- **What you should do**
Under this line sits a listing. Repeat exactly and only its lines from the one holding "Character Sketches Of" through the one holding "The Unraveling: Reflections"; skip pictures.

- **Materials provided**
********
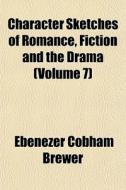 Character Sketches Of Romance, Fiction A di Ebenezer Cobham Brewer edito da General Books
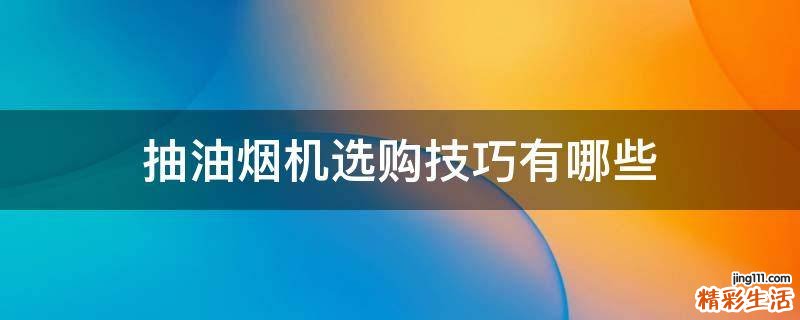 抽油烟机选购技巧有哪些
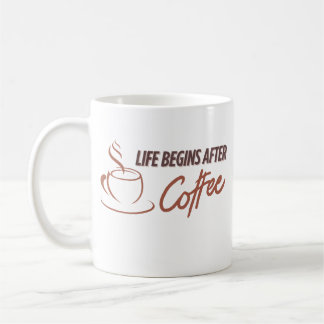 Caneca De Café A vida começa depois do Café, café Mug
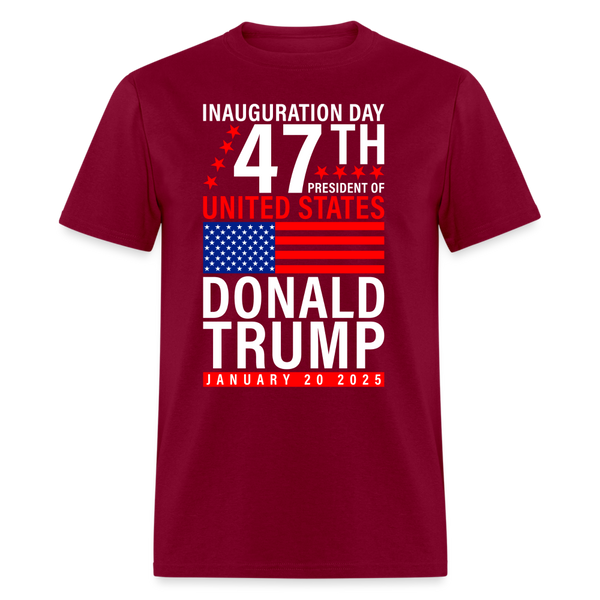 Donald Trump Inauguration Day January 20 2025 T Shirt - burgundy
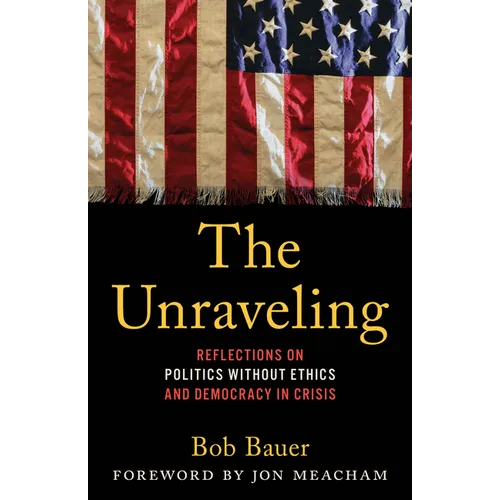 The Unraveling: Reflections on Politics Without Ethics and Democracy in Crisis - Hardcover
********
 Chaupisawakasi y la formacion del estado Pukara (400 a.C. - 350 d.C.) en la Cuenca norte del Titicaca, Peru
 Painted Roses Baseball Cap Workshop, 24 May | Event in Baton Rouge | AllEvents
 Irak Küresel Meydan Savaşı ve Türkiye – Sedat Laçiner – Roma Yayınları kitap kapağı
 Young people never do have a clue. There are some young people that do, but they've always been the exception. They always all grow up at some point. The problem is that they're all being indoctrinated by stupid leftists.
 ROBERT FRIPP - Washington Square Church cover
********
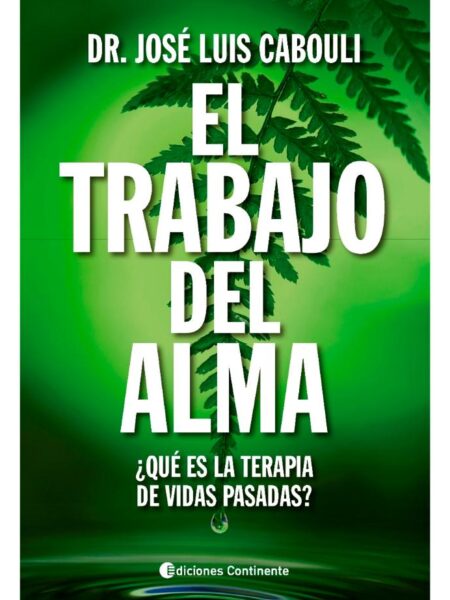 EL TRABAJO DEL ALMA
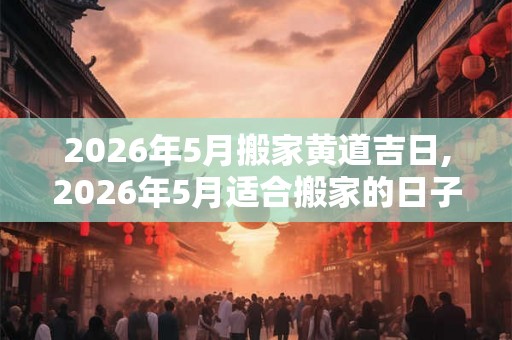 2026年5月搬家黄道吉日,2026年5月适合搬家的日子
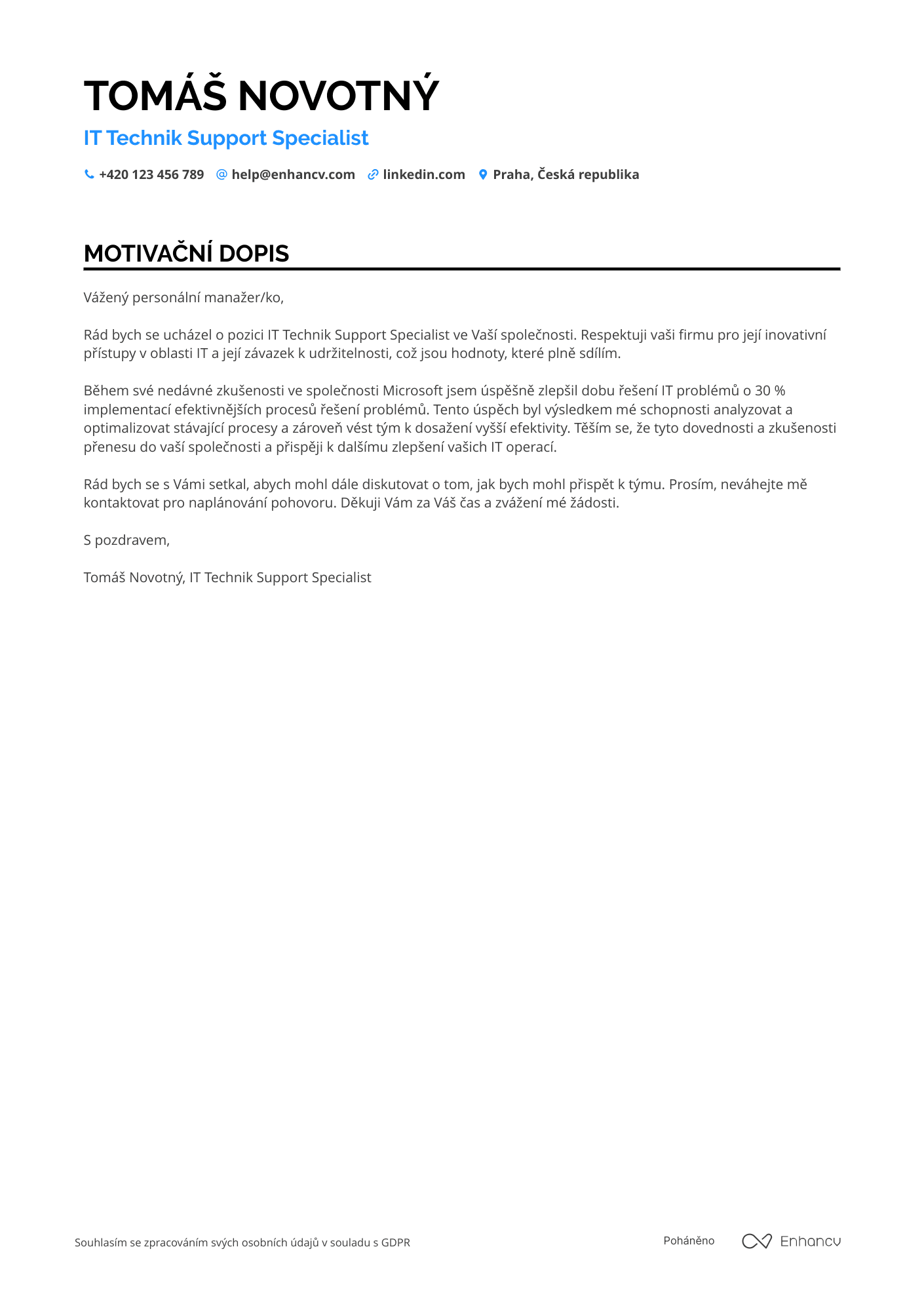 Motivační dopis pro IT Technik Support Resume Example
********
- **Exercise result**
 Character Sketches Of Romance, Fiction A di Ebenezer Cobham Brewer edito da General Books
 抽油烟机选购技巧有哪些
 Caneca De Café A vida começa depois do Café, café Mug
 Donald Trump Inauguration Day January 20 2025 T Shirt - burgundy
 The Unraveling: Reflections on Politics Without Ethics and Democracy in Crisis - Hardcover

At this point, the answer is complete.